### WHAT TO PRODUCE:
Set down exactly the lines from the one containing "Carroll Street Villas" through the end of the records below, both included, and nothing else.

MATERIAL FOR THE TASK below:

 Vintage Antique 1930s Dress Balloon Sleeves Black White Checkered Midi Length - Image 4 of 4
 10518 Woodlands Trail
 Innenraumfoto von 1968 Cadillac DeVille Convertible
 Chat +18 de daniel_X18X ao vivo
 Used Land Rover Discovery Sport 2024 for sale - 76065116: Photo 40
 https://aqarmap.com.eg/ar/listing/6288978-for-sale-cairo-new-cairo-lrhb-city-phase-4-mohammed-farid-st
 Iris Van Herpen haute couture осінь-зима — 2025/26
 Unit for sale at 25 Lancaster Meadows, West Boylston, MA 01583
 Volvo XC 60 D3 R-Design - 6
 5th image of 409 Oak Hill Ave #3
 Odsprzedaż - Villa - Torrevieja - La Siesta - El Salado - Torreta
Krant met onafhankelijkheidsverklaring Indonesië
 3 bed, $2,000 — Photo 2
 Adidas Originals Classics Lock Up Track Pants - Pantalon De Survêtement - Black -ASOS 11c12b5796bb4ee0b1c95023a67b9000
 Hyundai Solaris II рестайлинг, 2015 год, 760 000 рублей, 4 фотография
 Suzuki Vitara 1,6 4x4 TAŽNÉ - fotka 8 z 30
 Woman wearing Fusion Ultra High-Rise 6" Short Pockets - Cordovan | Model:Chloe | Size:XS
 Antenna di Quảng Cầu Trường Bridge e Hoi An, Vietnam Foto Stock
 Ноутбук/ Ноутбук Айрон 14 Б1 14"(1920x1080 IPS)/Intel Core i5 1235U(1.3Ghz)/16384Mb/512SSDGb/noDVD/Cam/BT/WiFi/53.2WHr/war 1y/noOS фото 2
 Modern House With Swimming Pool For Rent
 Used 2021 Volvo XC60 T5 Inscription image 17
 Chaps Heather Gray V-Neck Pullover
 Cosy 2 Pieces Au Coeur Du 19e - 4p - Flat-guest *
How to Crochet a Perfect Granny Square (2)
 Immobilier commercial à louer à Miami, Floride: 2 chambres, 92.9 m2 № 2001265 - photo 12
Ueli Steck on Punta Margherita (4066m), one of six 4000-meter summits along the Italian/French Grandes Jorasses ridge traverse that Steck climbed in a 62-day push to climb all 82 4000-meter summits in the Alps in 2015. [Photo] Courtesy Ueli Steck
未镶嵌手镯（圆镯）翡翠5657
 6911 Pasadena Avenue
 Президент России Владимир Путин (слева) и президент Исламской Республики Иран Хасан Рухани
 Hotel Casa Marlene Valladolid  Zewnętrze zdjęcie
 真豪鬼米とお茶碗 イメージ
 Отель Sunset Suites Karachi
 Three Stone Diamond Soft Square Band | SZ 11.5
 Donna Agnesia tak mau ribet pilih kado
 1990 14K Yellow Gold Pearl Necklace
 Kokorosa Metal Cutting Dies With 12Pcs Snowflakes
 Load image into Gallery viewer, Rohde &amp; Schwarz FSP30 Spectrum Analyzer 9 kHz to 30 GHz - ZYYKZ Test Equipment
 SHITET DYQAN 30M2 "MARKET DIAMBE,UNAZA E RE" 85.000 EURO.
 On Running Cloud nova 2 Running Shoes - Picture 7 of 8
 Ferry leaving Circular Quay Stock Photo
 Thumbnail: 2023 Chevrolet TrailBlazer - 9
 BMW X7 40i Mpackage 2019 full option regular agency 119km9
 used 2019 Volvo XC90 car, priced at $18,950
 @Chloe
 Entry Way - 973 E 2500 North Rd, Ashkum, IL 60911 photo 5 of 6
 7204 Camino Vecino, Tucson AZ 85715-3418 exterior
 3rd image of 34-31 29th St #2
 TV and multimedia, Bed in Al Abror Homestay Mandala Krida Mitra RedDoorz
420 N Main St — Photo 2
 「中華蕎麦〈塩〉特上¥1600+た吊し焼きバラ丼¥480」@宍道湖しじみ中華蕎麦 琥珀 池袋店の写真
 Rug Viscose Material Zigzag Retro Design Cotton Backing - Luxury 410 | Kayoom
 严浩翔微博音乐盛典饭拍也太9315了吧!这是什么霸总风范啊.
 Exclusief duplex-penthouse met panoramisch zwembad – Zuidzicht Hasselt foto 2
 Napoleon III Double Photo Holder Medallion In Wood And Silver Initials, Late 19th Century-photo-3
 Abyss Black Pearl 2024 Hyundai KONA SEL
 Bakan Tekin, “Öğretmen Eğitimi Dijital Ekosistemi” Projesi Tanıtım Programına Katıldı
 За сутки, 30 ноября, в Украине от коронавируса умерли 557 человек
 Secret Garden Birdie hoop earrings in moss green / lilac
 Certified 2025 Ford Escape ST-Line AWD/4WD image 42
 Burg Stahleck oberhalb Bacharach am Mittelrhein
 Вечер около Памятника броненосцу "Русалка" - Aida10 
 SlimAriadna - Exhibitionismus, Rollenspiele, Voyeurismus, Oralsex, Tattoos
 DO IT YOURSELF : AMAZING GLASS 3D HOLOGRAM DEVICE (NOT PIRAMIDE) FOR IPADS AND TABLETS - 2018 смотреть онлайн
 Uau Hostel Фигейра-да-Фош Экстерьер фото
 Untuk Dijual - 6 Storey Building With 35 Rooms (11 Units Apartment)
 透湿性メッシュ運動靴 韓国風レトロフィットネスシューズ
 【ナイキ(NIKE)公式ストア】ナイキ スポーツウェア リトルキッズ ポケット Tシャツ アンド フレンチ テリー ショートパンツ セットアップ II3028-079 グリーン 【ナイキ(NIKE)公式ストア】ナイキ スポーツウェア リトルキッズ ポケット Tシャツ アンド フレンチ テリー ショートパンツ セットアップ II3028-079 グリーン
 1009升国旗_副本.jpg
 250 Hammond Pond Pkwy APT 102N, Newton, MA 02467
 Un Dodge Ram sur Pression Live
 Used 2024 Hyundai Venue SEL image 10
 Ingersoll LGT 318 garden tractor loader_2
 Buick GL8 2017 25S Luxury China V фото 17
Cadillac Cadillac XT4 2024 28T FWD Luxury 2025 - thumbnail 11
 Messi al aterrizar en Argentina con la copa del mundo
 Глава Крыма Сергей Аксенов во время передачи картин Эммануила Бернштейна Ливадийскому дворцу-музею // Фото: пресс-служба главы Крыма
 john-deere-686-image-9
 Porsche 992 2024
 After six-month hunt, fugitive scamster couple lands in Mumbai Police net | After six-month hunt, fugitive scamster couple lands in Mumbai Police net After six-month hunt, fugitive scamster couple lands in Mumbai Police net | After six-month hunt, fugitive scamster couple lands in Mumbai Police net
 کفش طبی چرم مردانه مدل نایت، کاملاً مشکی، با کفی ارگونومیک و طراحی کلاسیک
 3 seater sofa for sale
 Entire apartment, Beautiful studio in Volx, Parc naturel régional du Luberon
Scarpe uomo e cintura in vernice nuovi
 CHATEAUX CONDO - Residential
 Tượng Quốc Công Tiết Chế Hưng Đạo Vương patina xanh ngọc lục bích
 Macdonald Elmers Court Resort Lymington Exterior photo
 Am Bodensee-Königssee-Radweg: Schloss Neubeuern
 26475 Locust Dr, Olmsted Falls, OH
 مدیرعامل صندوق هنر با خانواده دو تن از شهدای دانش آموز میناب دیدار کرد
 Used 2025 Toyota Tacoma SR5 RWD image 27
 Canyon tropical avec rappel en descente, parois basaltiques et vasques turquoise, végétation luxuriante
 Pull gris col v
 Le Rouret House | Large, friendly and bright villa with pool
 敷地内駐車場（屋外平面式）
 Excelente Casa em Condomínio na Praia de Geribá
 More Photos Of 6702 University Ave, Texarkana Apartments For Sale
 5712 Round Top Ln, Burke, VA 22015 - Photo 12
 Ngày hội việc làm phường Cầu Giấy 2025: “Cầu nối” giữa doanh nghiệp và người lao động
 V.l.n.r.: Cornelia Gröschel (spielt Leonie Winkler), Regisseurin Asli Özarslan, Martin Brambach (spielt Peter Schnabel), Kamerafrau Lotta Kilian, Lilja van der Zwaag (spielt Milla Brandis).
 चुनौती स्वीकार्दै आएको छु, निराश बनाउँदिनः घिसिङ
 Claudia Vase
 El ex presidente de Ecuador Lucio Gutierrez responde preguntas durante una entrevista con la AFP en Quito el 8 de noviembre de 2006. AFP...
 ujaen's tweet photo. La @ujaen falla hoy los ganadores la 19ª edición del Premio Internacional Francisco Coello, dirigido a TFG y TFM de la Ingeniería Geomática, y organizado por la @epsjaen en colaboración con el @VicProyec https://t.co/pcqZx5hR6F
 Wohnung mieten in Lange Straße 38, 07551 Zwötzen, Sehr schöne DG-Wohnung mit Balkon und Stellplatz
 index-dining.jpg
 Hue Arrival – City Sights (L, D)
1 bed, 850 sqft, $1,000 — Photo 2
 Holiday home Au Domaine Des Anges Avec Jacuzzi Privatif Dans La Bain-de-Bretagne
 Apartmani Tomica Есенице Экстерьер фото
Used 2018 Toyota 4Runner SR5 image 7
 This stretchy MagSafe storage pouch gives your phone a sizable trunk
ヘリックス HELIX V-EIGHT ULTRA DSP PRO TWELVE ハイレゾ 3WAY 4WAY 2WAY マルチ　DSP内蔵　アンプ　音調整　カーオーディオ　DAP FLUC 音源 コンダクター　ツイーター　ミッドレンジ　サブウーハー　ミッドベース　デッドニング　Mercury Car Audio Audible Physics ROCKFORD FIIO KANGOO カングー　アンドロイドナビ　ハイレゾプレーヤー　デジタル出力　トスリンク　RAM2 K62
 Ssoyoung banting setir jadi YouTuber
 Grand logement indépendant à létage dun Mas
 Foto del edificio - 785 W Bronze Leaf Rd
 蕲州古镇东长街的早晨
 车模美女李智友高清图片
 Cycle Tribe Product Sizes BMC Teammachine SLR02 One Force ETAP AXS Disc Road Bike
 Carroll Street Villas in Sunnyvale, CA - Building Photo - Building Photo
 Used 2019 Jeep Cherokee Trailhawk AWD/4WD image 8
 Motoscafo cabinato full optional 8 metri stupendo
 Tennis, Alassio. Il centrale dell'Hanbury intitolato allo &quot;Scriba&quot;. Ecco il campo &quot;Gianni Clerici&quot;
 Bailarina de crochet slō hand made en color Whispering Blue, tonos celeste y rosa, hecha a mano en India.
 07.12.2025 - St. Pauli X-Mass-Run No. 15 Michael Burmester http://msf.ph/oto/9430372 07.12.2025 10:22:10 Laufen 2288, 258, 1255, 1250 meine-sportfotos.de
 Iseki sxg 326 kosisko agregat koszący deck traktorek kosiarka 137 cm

End of MATERIAL FOR THE TASK.

### OUTPUT FOR THIS EXERCISE:
 Carroll Street Villas in Sunnyvale, CA - Building Photo - Building Photo
 Used 2019 Jeep Cherokee Trailhawk AWD/4WD image 8
 Motoscafo cabinato full optional 8 metri stupendo
 Tennis, Alassio. Il centrale dell'Hanbury intitolato allo &quot;Scriba&quot;. Ecco il campo &quot;Gianni Clerici&quot;
 Bailarina de crochet slō hand made en color Whispering Blue, tonos celeste y rosa, hecha a mano en India.
 07.12.2025 - St. Pauli X-Mass-Run No. 15 Michael Burmester http://msf.ph/oto/9430372 07.12.2025 10:22:10 Laufen 2288, 258, 1255, 1250 meine-sportfotos.de
 Iseki sxg 326 kosisko agregat koszący deck traktorek kosiarka 137 cm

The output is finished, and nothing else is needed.